Let $f: \mathbb{R} \to \mathbb{R}$, $$f(x)=x^n+a_{n-1}x^{n-1}+\cdots + a_1x+a_0$$
where $n$ is even and $a_i\in \mathbb{R}$. It is then not difficult to show that $f$ is bounded below. This leads to the question:
- Does there exist a closed-form (not necessarily optimal) lower bound for such a polynomial in terms of its coefficients $a_i$?
- Can this closed-form be expressed as a (multi-variate) polynomial in the coefficients $a_i$?

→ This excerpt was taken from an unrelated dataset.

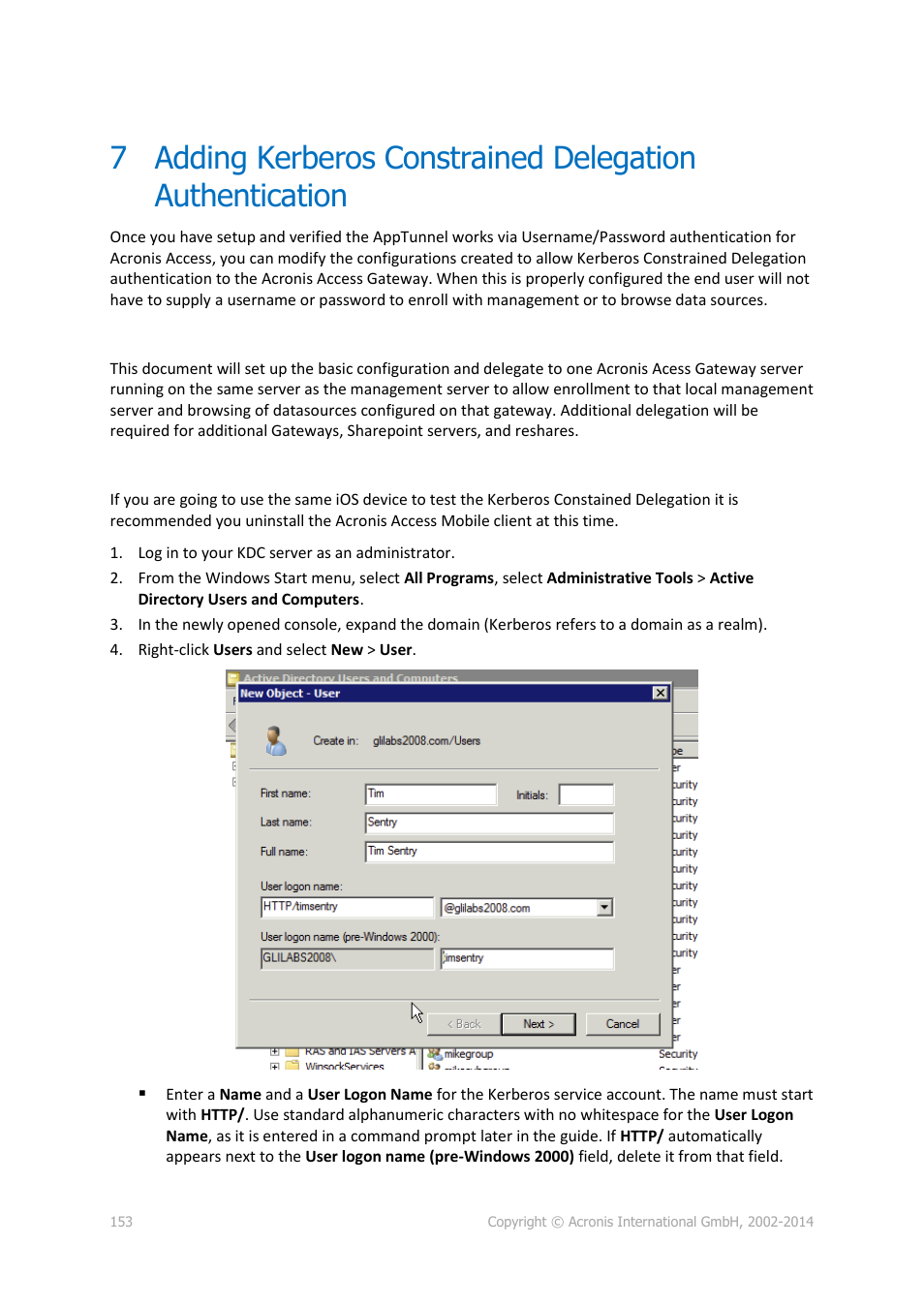 Acronis Access Advanced - Administrator's Guide User Manual | Page 153 / 259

I imagine that the answer to both is yes, but I have no idea how to prove this. I thought a bit about three cases below.
- $n=2$
For monic quadratics, a sufficient lower bound is $a_0 - \frac{a_1^2}{4}$. This satisfies (1), (2) and it is also optimal.
- $n=4$
In this case, we could differentiate to find the stationary points of $f$, and write the minimum of $f$ evaluated at these points in a closed-form (using the absolute value function). This satisfies (1) and is again optimal, but does not satisfy (2).
- $n \ge 6$
No immediate solutions, since polynomials of degree $\ge5$ have no closed-form solutions.
Suppose that $\{r_0,...r_k\}$ is the zero set of $f$, in ascending order. Then $f$ attains its minimum in $[r_0,r_k]$. (If the zero set is empty, then $0$ is a lower bound.) Thus, it may be possible to simplify this problem by using bounds on the locations of the roots of polynomials, if any are known.
If I’m not mistaken, let $S=1+\sum_{i=0}^{n-1}{|a_i|}$. Then $-S^n$ should be such a lower bound.
Indeed, if $|x| \geq S$, then $f(x) \geq S^n-\sum_{i=0}^{n-1}{S^{i}|a_{i}|}\geq S^n-\sum_{i=0}^{n-1}{|a_i|S^{n-1}} \geq S^{n-1} \geq 0$.
But if $|x| \leq S$, then $f(x) \geq -\sum_{i=0}^{n-1}{|a_i|S^i} \geq -S^{n-1}\sum_{i=0}^{n-1}{|a_i|} \geq -S^n$.